= Lyman Tower Sargent =

American political scientist and utopian studies scholar

Lyman Tower Sargent (born 9 February 1940) is an American academic and professor emeritus of political science at the University of Missouri-St. Louis. Sargent's main academic interests are utopian studies, political theory, American studies and bibliography. He is one of the world's foremost scholars of utopian studies, founding editor of Utopian Studies, serving in that post for the journal's first fifteen years, and recipient of the Distinguished Scholar Award from the Society for Utopian Studies. Sargent was educated as an undergraduate at Macalester College and a graduate student at the University of Minnesota.

==Career==

Sargent taught political science at the University of Missouri-St. Louis from 1965 until 2005, when he retired and was appointed professor emeritus. He also held visiting appointments at Royal Holloway and Bedford New College, University of London; Mansfield College, Oxford; Birkbeck College, University of London; and the University of Nottingham.

==Selected bibliography==

- Lyman Tower Sargent (1969) Contemporary Political Ideologies: A Comparative Analysis. Homewood, Illinois: Dorsey Press, 1969. 14th edition (2009) Belmont, California: Wadsworth/Cengage Learning.
- Lyman Tower Sargent and Thomas A. Zant (1970) Techniques of Political Analysis: An Introduction. Belmont, California: Wadsworth Publishing Company.
- Lyman Tower Sargent (1972) New Left Thought: An Introduction. Homewood, Illinois: Dorsey Press.
- Lyman Tower Sargent (1979) British and American Utopian Literature 1516–1975: An Annotated Bibliography. Boston, Massachusetts: G. K. Hall.
- Lyman Tower Sargent (1988) British and American Utopian Literature, 1516–1985: An Annotated, Chronological Bibliography. New York: Garland.
- Lyman Tower Sargent (ed.) (1990) Contemporary Political Ideologies: A Reader. Pacific Grove, California: Brooks/Cole.
- Lyman Tower Sargent (1994) "The Three Faces of Utopianism Revisited." Utopian Studies Vol. 5, No.1: 1–37.
- Lyman Tower Sargent (ed.) (1995) Extremism in America: A Reader. New York: New York University Press.
- Lyman Tower Sargent (ed.) (1997) Political Thought in the United States: A Documentary History.

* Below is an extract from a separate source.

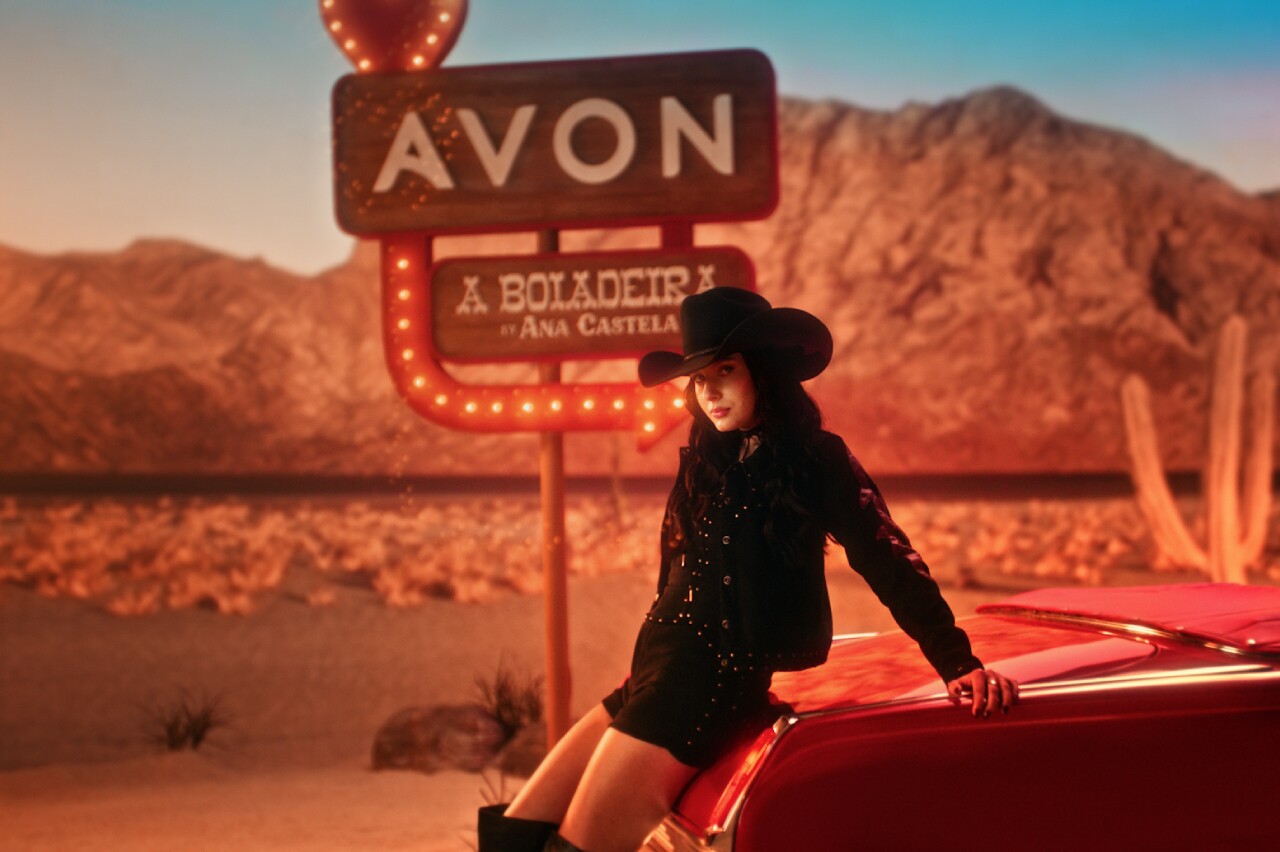 Avon lança campanha da primeira linha de maquiagem assinada por Ana Castela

New York: New York University Press.
- Lyman Tower Sargent and Gregory Claeys (eds) (1999) The Utopia Reader. New York: New York University Press; 2nd edn, 2017.
- Lyman Tower Sargent, Roland Schaer and Gregory Claeys (eds) (2000) Utopia: The Search for the Ideal Society in the Western World. New York: The New York Public Library/Oxford University Press.
- Lyman Tower Sargent and Lucy Sargisson (2004) Living in Utopia: Intentional Communities in New Zealand. Aldershot: Ashgate.
- Lyman Tower Sargent (2010) Utopianism: A Very Short Introduction. Oxford: Oxford University Press.
- Lyman Tower Sargent, Michael Freeden and Marc Stern (eds) The Oxford Handbook of Political Ideologies. Oxford: Oxford University Press.
- Lyman Tower Sargent (2016) Utopian Literature in English: An Annotated Bibliography from 1516 to the Present. State College, PA: Penn State Libraries Open Publishing. Openpublishing.psu.edu/utopia. doi:10.18113/P8WC77
- Lyman Tower Sargent (2017) Lyman Tower Sargent’s Bibliography [of Secondary Literature]. Porto: Advanced Research in Utopian Studies://arus.letras.up.pt/

==Honors==

In 1997 Sargent was awarded the Distinguished Scholar Award by the North American Society for Utopian Studies. The Award was subsequently renamed in his honor.